Don Mattingly isn't particularly surprised that Carl Crawford is off to a fast start. For one thing, there's the "start" part of that. In a few months, nobody is going to remember that on April 18, Crawford was batting .375.
Nor is Mattingly surprised that Crawford seems to be playing with more freedom, more joy, since being freed from a highly uncomfortable situation in Boston. Mattingly played in New York. He saw how some players reacted to those high-stress markets.
But what has been a surprise, a pleasant one, for Mattingly is Crawford's approach. Always a free swinger, Crawford has been more selective for these first few weeks. His batting average probably isn't particularly telling, but few would have expected a .426 on-base percentage from him at this point of the season, or really any point of a season.
"He's been better than I remember from back in Tampa," Mattingly said. "He's definitely not up there swinging wildly."

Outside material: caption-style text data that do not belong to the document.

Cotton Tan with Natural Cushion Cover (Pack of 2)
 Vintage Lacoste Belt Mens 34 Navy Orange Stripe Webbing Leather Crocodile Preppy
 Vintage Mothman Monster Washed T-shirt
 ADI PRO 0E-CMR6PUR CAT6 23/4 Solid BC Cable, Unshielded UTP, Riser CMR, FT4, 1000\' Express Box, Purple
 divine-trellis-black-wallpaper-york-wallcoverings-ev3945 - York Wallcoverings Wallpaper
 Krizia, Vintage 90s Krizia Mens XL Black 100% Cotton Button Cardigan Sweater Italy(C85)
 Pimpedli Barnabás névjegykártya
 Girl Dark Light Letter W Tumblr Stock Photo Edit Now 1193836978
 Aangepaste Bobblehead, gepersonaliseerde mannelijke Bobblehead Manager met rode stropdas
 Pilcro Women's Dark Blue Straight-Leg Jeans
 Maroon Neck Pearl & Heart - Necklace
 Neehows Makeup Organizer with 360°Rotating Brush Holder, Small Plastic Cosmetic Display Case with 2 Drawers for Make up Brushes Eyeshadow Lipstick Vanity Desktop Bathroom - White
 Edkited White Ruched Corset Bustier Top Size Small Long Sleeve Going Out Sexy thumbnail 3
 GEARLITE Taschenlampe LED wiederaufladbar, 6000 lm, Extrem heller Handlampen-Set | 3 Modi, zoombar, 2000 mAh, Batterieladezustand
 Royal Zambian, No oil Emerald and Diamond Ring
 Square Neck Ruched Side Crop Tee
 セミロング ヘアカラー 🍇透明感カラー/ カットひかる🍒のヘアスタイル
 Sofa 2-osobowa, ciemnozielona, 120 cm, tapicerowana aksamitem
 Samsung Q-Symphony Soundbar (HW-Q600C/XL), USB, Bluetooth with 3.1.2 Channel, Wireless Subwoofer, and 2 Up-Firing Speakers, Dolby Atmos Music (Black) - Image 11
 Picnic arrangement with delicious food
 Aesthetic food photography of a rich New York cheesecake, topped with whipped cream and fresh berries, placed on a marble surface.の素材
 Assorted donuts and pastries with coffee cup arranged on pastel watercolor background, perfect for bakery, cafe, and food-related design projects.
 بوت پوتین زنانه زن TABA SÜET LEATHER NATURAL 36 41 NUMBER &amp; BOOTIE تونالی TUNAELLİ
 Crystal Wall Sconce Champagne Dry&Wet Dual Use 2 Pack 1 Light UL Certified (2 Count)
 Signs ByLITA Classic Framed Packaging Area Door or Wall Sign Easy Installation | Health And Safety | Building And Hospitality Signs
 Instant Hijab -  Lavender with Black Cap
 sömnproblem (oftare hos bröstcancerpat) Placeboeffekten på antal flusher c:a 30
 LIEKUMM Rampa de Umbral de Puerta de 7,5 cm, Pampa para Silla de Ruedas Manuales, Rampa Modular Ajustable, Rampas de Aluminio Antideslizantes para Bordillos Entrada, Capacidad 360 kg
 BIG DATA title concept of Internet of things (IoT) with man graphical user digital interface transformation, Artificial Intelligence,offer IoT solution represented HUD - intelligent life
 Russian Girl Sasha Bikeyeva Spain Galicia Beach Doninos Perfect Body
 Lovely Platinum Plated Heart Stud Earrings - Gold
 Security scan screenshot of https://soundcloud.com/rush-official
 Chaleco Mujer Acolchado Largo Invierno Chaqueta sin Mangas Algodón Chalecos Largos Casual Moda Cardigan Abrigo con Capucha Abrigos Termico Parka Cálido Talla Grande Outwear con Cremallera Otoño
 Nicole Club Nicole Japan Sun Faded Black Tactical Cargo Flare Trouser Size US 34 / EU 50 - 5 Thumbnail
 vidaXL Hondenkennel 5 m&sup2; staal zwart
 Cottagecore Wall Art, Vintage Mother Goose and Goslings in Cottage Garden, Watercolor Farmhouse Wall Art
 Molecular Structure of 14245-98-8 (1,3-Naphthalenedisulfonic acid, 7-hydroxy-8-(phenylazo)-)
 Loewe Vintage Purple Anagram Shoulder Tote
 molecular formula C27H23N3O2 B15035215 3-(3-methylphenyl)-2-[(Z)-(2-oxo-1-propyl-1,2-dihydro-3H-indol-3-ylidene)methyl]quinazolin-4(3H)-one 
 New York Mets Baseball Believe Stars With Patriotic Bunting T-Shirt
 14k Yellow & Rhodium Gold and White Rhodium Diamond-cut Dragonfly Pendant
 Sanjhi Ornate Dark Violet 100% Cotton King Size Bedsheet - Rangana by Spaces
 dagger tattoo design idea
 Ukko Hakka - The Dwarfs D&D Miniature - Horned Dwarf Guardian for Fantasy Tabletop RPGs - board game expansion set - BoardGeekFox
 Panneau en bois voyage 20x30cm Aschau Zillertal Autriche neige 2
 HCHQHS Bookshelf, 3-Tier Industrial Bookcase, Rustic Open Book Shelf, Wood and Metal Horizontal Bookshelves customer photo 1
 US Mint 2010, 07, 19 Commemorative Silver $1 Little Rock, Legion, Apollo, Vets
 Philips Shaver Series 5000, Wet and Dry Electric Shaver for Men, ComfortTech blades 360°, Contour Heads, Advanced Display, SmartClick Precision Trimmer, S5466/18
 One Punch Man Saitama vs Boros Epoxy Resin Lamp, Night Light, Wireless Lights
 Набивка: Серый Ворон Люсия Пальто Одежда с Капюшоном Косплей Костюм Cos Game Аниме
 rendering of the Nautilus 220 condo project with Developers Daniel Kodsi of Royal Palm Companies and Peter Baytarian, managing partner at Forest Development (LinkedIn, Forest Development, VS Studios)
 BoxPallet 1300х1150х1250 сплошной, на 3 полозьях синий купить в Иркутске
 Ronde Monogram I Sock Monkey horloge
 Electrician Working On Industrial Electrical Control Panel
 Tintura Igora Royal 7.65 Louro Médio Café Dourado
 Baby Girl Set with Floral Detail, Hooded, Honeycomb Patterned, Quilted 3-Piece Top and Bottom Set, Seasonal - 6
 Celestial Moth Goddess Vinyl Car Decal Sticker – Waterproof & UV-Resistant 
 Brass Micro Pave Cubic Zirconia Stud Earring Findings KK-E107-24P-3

He's probably been better than his numbers indicate, in fact. Crawford hit two balls in the last series that would have been easy home runs at virtually any other ballpark or during the day at Dodger Stadium. Gale-force winds knocked one down and cool air knocked another down just shy of the wall.
But will Crawford's newfound patience last? Dave Cameron has an interesting discussion on the matter at Fangraphs and suggests that, indeed, it could represent a meaningful shift in Crawford's game. Analysts have found, Cameron says, that small sample sizes tend to be more reliable when measuring a player's approach than when measuring a player's output.
"You can get a pretty good gauge of a hitter’s approach at the plate in a few dozen plate appearances, because these metrics are measuring things with very few outside variables," Cameron says. "Hitters are very consistent in how often they swing and what kinds of pitches they swing at."
Cameron opines that Crawford has "always been a fantastic all-around player if you could overlook his plate discipline," and wonders -- if this keeps up -- whether "the Adrian Gonzalez trade might just become the Carl Crawford trade."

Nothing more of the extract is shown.